Authors:  Arley Cruthers

Student access:  Students access the book through the URL above, which is linked in our syllabus, grading contract, on Canvas, and in individual assignments.

Provide the cost savings from that of a traditional textbook. This book is 100% free. Similar titles used in upper-division writing courses can range from $30-120 dollars, depending on the text.

License: Creative Commons Non Commercial license

OER/Low Cost Adoption

OER/Low Cost Adoption Process

Provide an explanation or what motivated you to use this textbook or OER/Low Cost option. To save students money and find a textbook that was current and relevant to my students’ lived experiences.

How did you find and select the open textbook for this course? ? I scoured MERLOT and other OER databases for the right text for my class.
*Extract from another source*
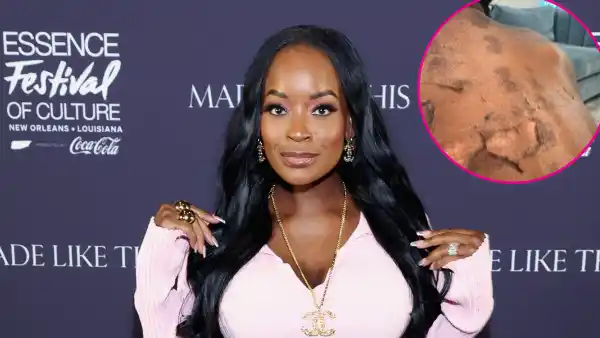 RHOA s Shamea Morton Sues Over Chemical Burn Gone Wrong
Sharing Best Practices: What I would like to share is that the right text makes all the difference in a course. As faculty, when we provide a textbook that is free and with which students connect, the positive impact on the course is immeasurable. I would be happy to confer with any colleagues thinking of using an OER for the first time.

Describe any key challenges you experienced, how they were resolved  and lessons learned.  There are some typos in the textbook, because the author likely did not have an editor; as the professor of a writing course, I transformed this into an extra credit opportunity: students get extra credit for finding and correcting four typos from our book.

There is also a broken link and there are some formatting issues with the solutions to some of the interactive activities. To counter this, I provide the working link in Canvas and documents in which I have formatted the activity solutions correctly, so students are not confused.

There are also a few outdated references to social media sites, which I have updated in my assignments.

About the Instructor

Instructor Name:  Rebecca Tedesco
I am director of a learning center in the College of Professional Studies and Fine Arts Dean’s Office at San Diego State University. I teach upper-division writing courses.
Please provide a link to your university page.
https://psfa.sdsu.edu/about/people/rebecca-tedesco

Please describe the courses you teach.   I teach 2 sections of PSFA 305W - Writing for Careers in Professional Studies & Fine Arts each semester. (Then I have 9 units of release time to direct the PSFA Academic Resource Center.)

Describe your teaching philosophy and any research interests related to your discipline or teaching.  My teaching is grounded in constructivist learning theory (Mcleod, 2024). People often think of learning as the passive transmission of knowledge from teacher to student. In contrast, constructivists see learning as an active process in which knowledge is formed by an individual or co-constructed with others, including the instructor, by bringing prior knowledge to bear on new experiences. I am currently writing my dissertation about students’ learning in an art history course with embedded tutoring.